Heaps of green and brown seaweed covered the shore by the water’s edge, making a squishy mat in the inch of water that hadn’t withdrawn. We peeked into the hollows and underhangings beneath barnacle-encrusted rocks and small boulders and found clinging anemones, seaweed, and purple seastars.

Feet wet, we headed back towards the road. A rivulet of water trickled across the washboard sand from a pool that had been left higher up the beach as the tide receded. Moving in the pool was a colony of live, fuzzy sand-dollars!

2 Comments on ““tidepooling” on a flat beach in sight of Canada”

  1. After the great sea star wasting time it’s wonderful to see sea stars again. Something once so common I almost took them for granted. A good lesson – take nothing for forever.

    Have enjoyed Season 1 – I’m betting it’s a great excuse to look back through your old photos! A delight for all of us.

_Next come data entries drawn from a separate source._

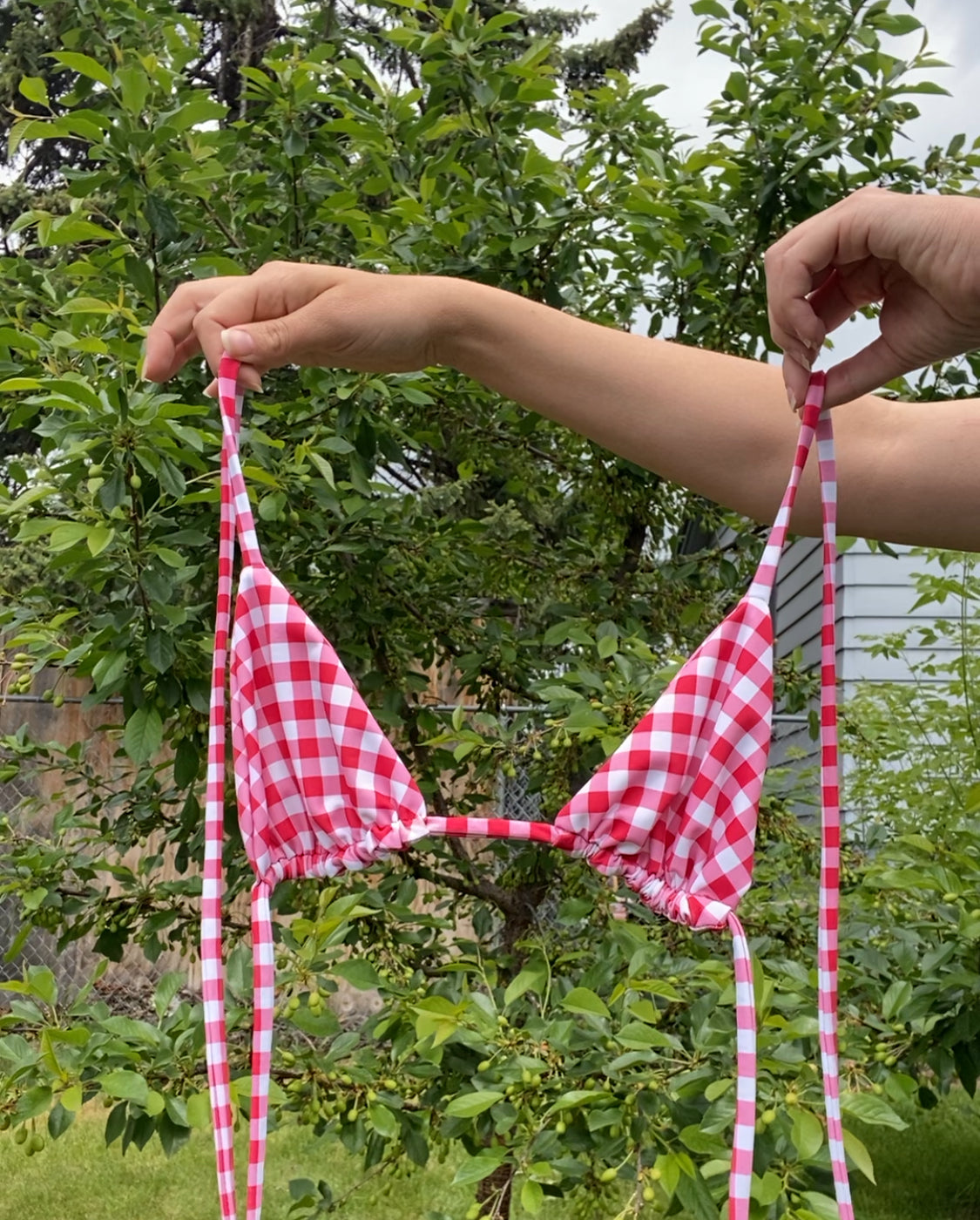 Effy Triangle Bikini Top
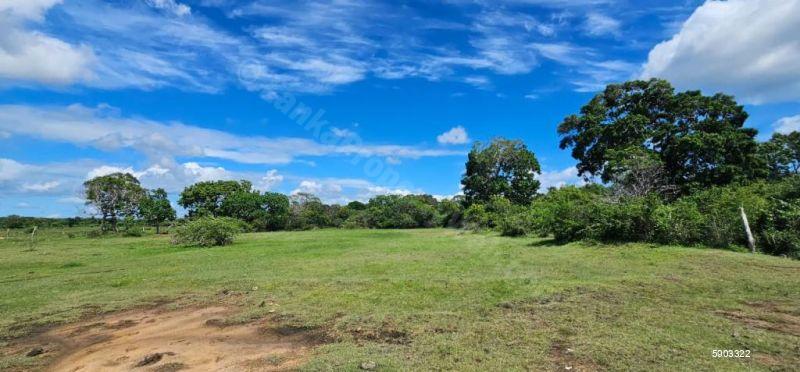 Waterfront land for sale in Yala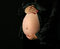 Free Pregnant Woman Holding Her Stock Photo - 2504660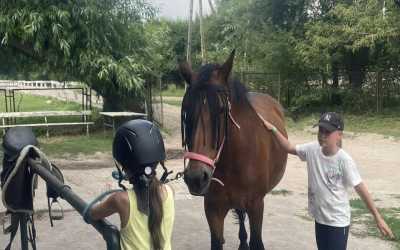 Obóz młodzieżowy, Julinek – Wioo Przygodo z Hobby Horse B&B Julinek Park, 7 dni 9-12 lat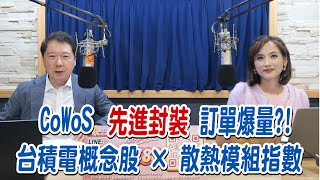 '25.06.12【財經一路發】大來國際證券投顧蘇麗芬分析師談「CoWoS先進封裝訂單爆量？！ 半導體設備 x 散熱模組指數」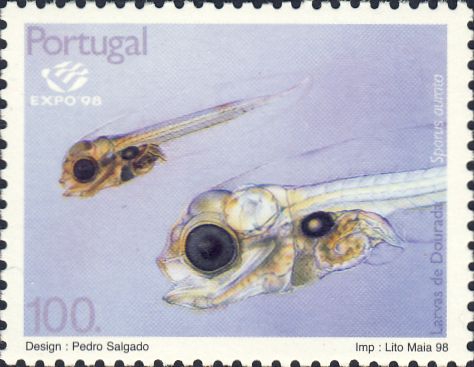 Sparus aurata (larve) Sparus aurata (larve)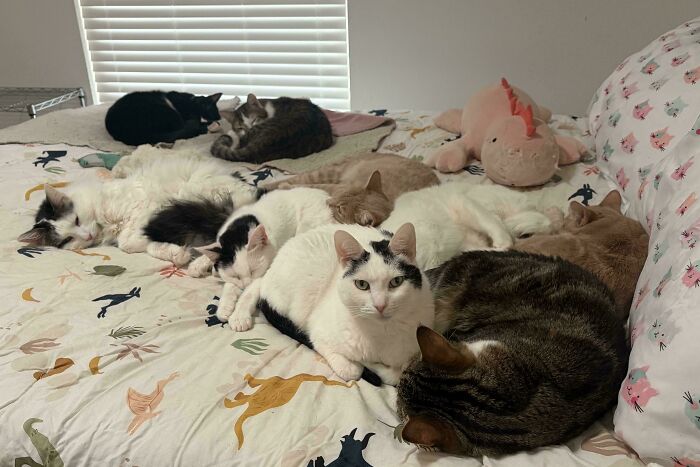 92 Hilarious Times People Interrupted Cats’ Important Meetings (New Pics) 92 Hilarious Times People Interrupted Cats’ Important Meetings (New Pics)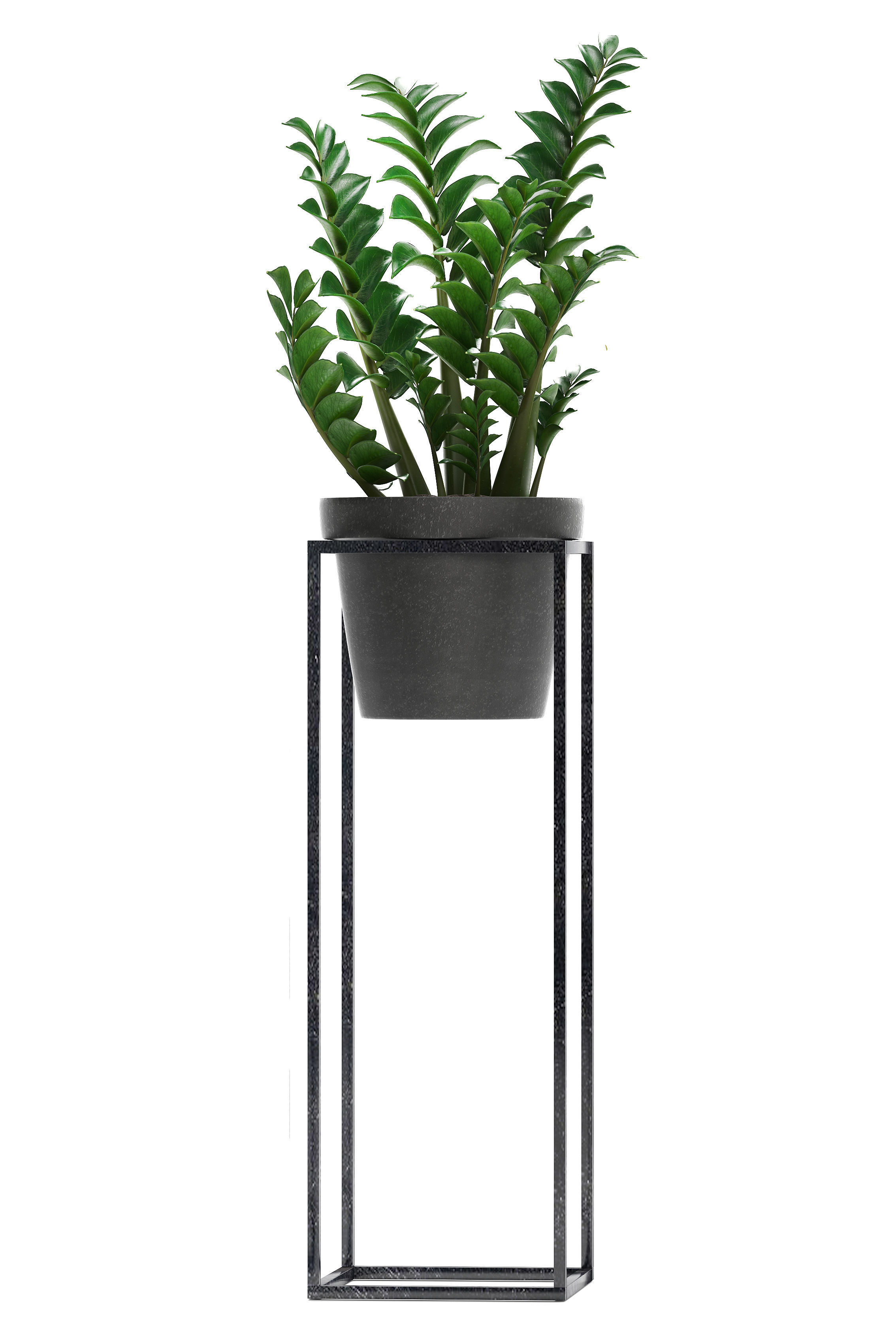  Collection Exotic plants 3D model_3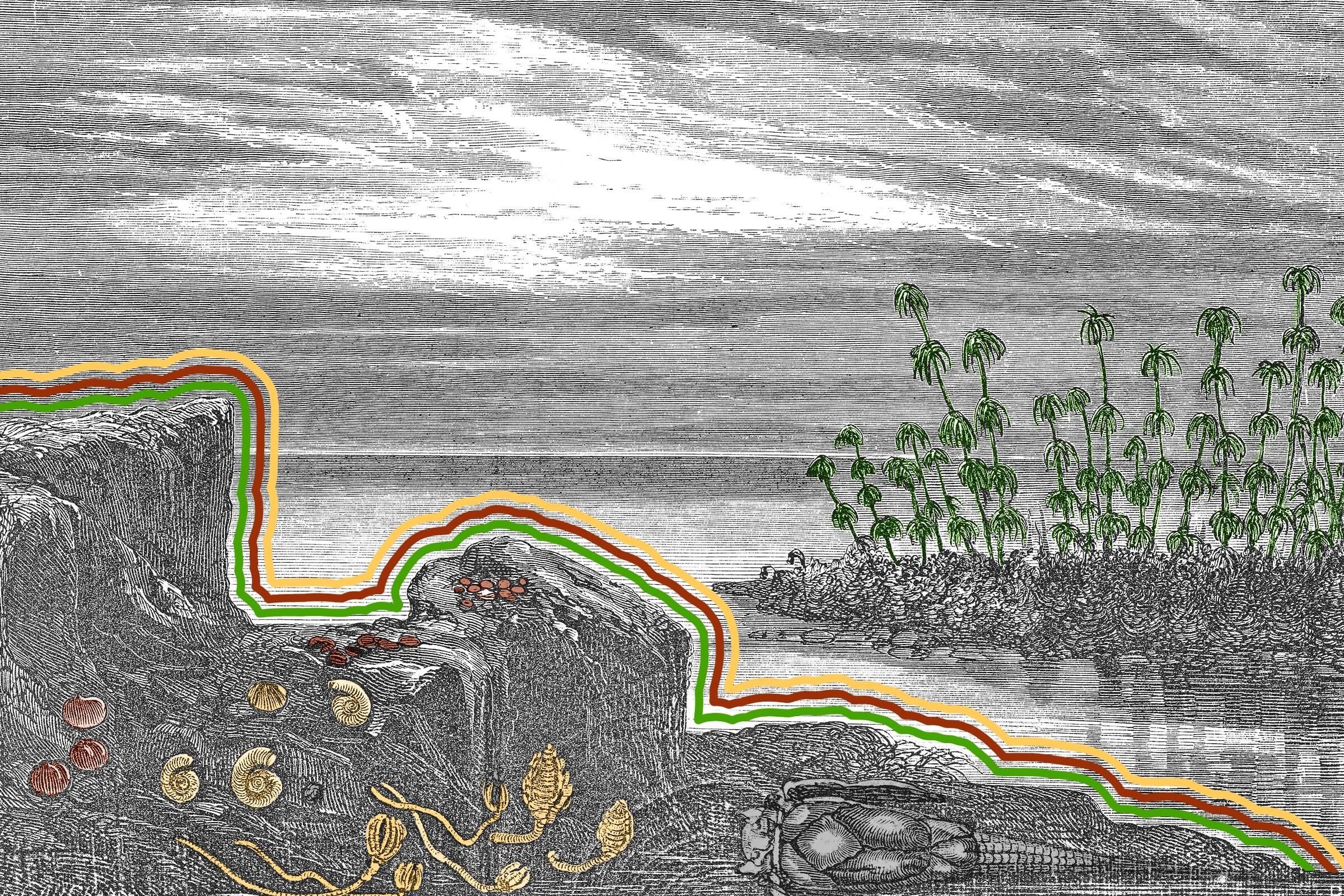 Landscape of the Earth during the Devonian Period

    • That’s a good way to put it.

      Thanks! It’s been fun looking back through old pics and revisiting memories 🙂 And neat to share them with others! Social media shifts the focus always to what’s new, pushes things down the feed so quickly and demands fresh — so this has given me the excuse to really spend some time with experiences from years ago. I hadn’t originally planned to write things to go with the photos but I’ve been enjoying that process too, in digging past the surface to try to remember the experience and what made it unique.